Toplam 36 hastaneden 32’si hizmet dışı kalmış, 380’e yakın kamu kuruluşu ve 130’a yakın ambulans vurulmuş, 300’den fazla sağlık çalışanı alıkonmuştur.
Bu durum sadece insani krizi daha da kötüleştirmekle kalmamış, aynı zamanda tıbbi tesisleri ve personeli koruyan uluslararası insancıl hukukun da ciddi bir ihlalini teşkil etmektedir.

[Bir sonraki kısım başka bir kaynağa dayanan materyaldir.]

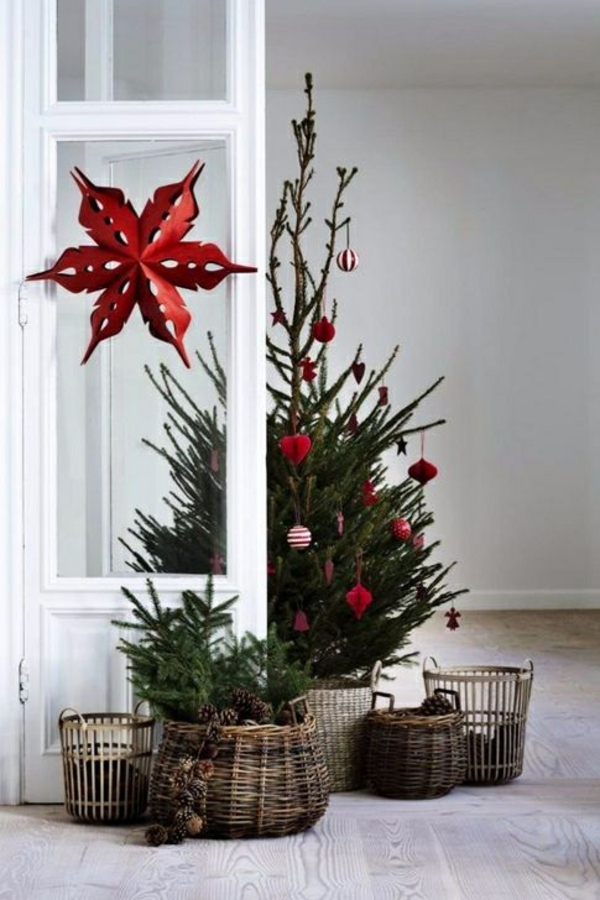 skandinavische weihnachtsdeko christbaum rote akzente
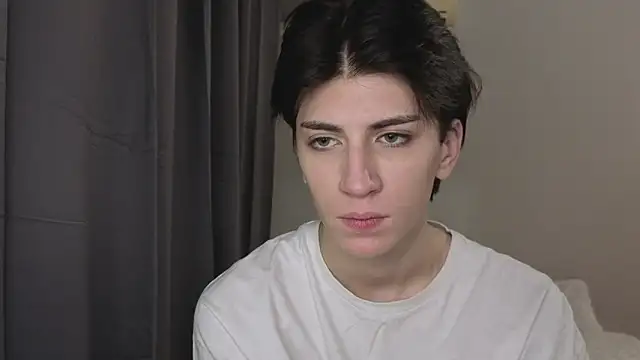 Oliver star boy  online show from November 1, 6:54 pm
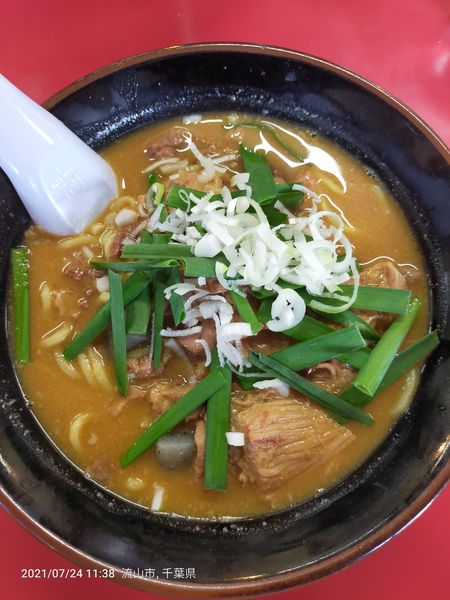 「もつラーメン　890円」@かっちゃんらーめん 麺屋○勝の写真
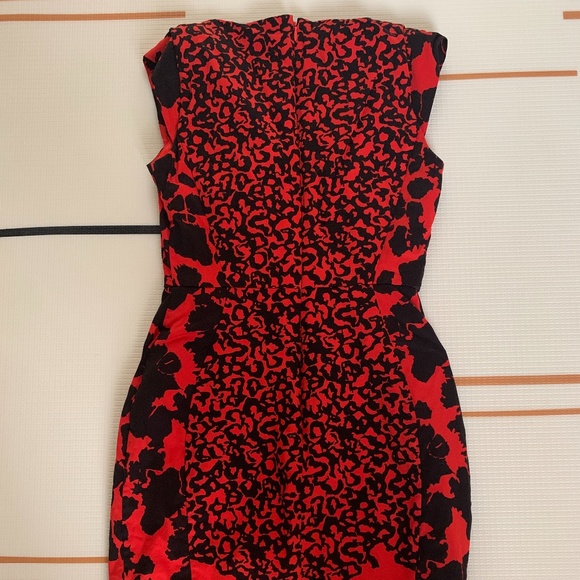 Like New Figure-Flattering FRENCH CONNECTION Animal Print Pencil Dress Size 4 - Picture 8 of 9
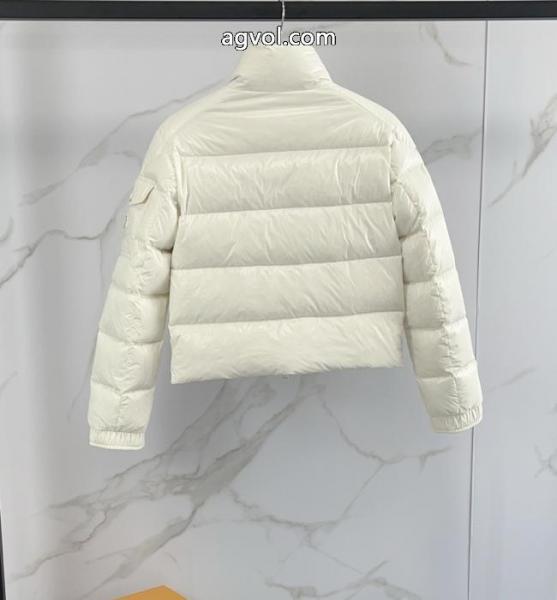 好感度265% 旬の気分を絶妙に おしゃれを楽しむ! ダウンジャケットモンクレールブランド 品 激安 通販. 6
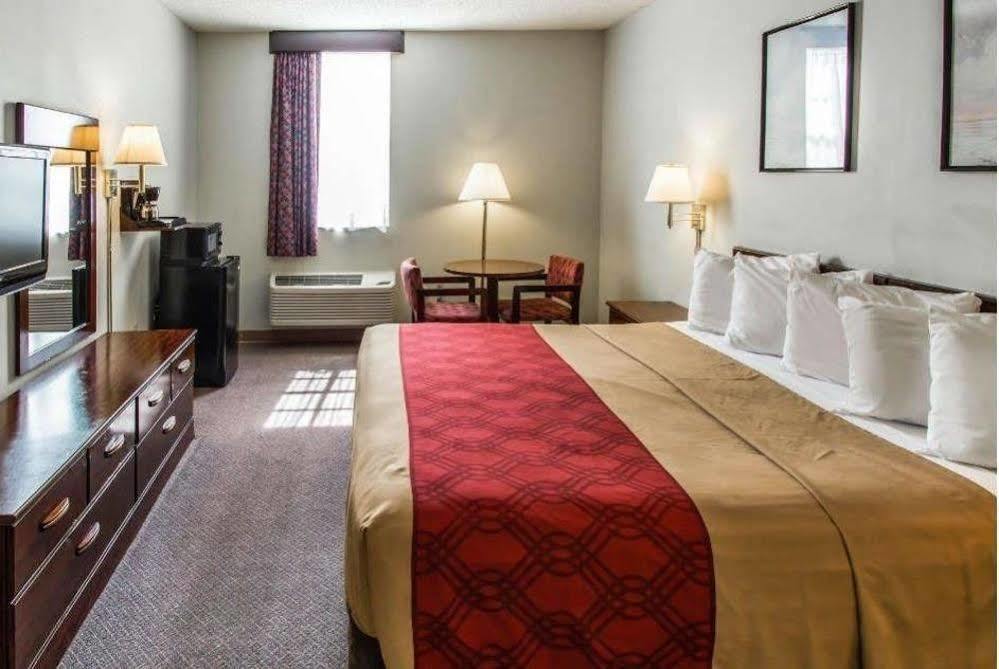 Belmont Inn & Suites Florida City Exteriör bild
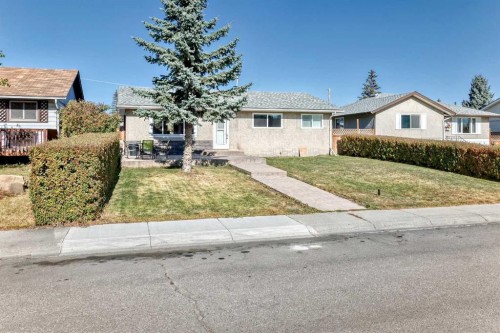 5414 Valentine Crescent Se, Calgary, AB - Outdoor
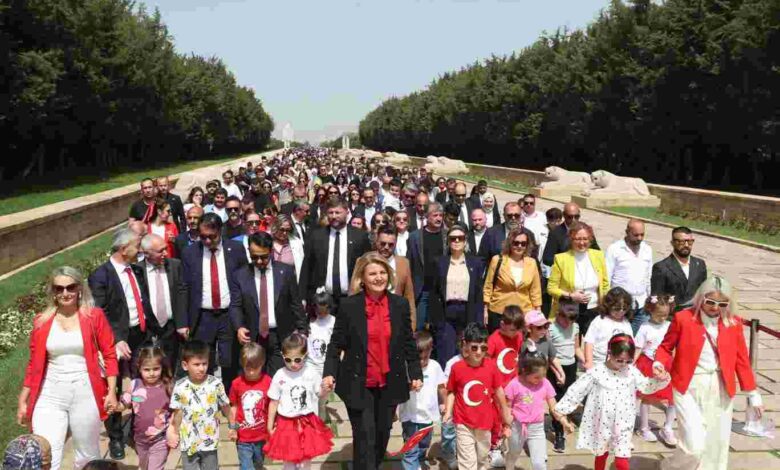 Başkan Hürriyet, Ata’nın huzuruna çıktı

Tıp ve Basın Toplulukları Arasında Kayıplar
Tıp camiası büyük acılar çekmiş, çok sayıda sağlık çalışanı kaos ortamında sağlık hizmeti sunmaya çalışırken 500’e yakını şehit edilmiştir. Sağlık personelinin hedef alınması, çatışma bölgelerinde sağlık çalışanlarının korunmasını öngören Cenevre Sözleşmelerinin ciddi bir ihlalidir.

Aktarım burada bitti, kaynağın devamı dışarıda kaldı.